Follow me beyond the orange croissant.
Please bear in mind, my intention is to lead/begin a discussion, not to "teach" anyone, about what The Constition acually says. Although I work in a legal profession, I am not a lawyer. No matter how much of a heinous hack a member of the SCOTUS is (Alito), my opinion matters less than his/hers. I definitely do not have the last word on interpretation of The Constitution (nor does the POTUS). I'm pretty good at interpreting the law, but NO ONE is perfect at it. So please make comments that are less "authoritative" and more along the lines of "this is the way I see it."
Real, actual lawyers, please weigh in.
Feedback will be critical to the success/failure of this series.
OK, let's go...
The preamble to The Constitution:
We the People of the United States, in Order to form a more perfect Union, establish Justice, insure domestic Tranquility, provide for the common defence, promote the general Welfare, and do ordain and establish this Constitution for the United States of America.What do YOU think this means?
Briefly, my interpretation is this:
Preambles to laws state the intent of the law, and don't necessarily state the law, itself.
"We the people of the United States" is a reference to "we're not British" more than any affirmation that the founding fathers were 100% unified on every issue.
"in Order to form a more perfect Union" doesn't mean "in Order to form a perfect Union". Writing amendments to the constitution is clearly in view.
"establish Justice"; form a legal system for a new country. Duh.
"insure domestic Tranquility"; have a recourse in case the states sqabble, give the citizens a state of mind that we're able to pursue our lives.
"provide for the common defence"; basically, the Fed is able to organize our military if we're threatened.
"promote the general Welfare"; OK this one's contentious. What do YOU think this means? My opinion is that, inter alia this means that ownership of slaves was acceptable at the time of ratification.
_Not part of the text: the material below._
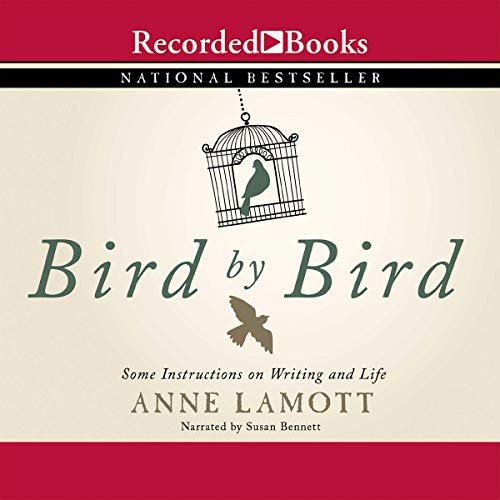Cover of Bird by Bird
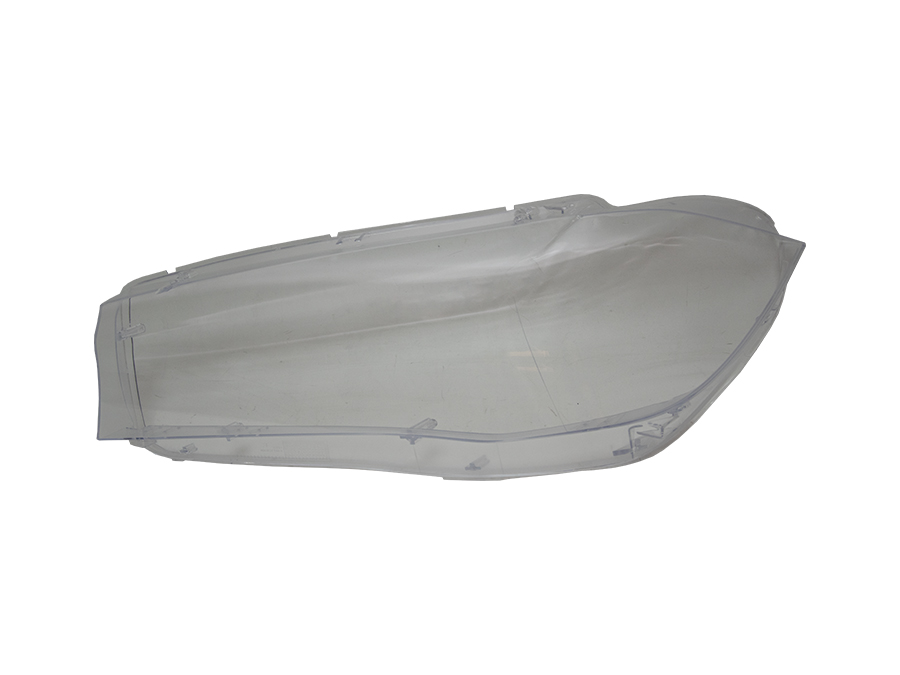 BMW X6 Series F16 2014- Headlight Glass Left (Led Headlight) 2014-18 | WENDER BA63117381137P1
IOW, if you're a citizen, the Federal Government has the power to "promote" your largess. But, I'm totally open to other interpretations. For example, this could be the passage that supports the CDC, where the Fed is to be relied upon for stamping out epidemics. I'd REALLY like to hear what you have to say about this portion of the preamble.
"do ordain and establish this Constitution for the United States of America"; "we're signing this thing. Bring it on, Britain!
Let the games commence. BUt please, let's be good to each other. The goal isn't to start a pie-fight, it's to better EVERYONE'S understanding of what our country is, or should be, all about.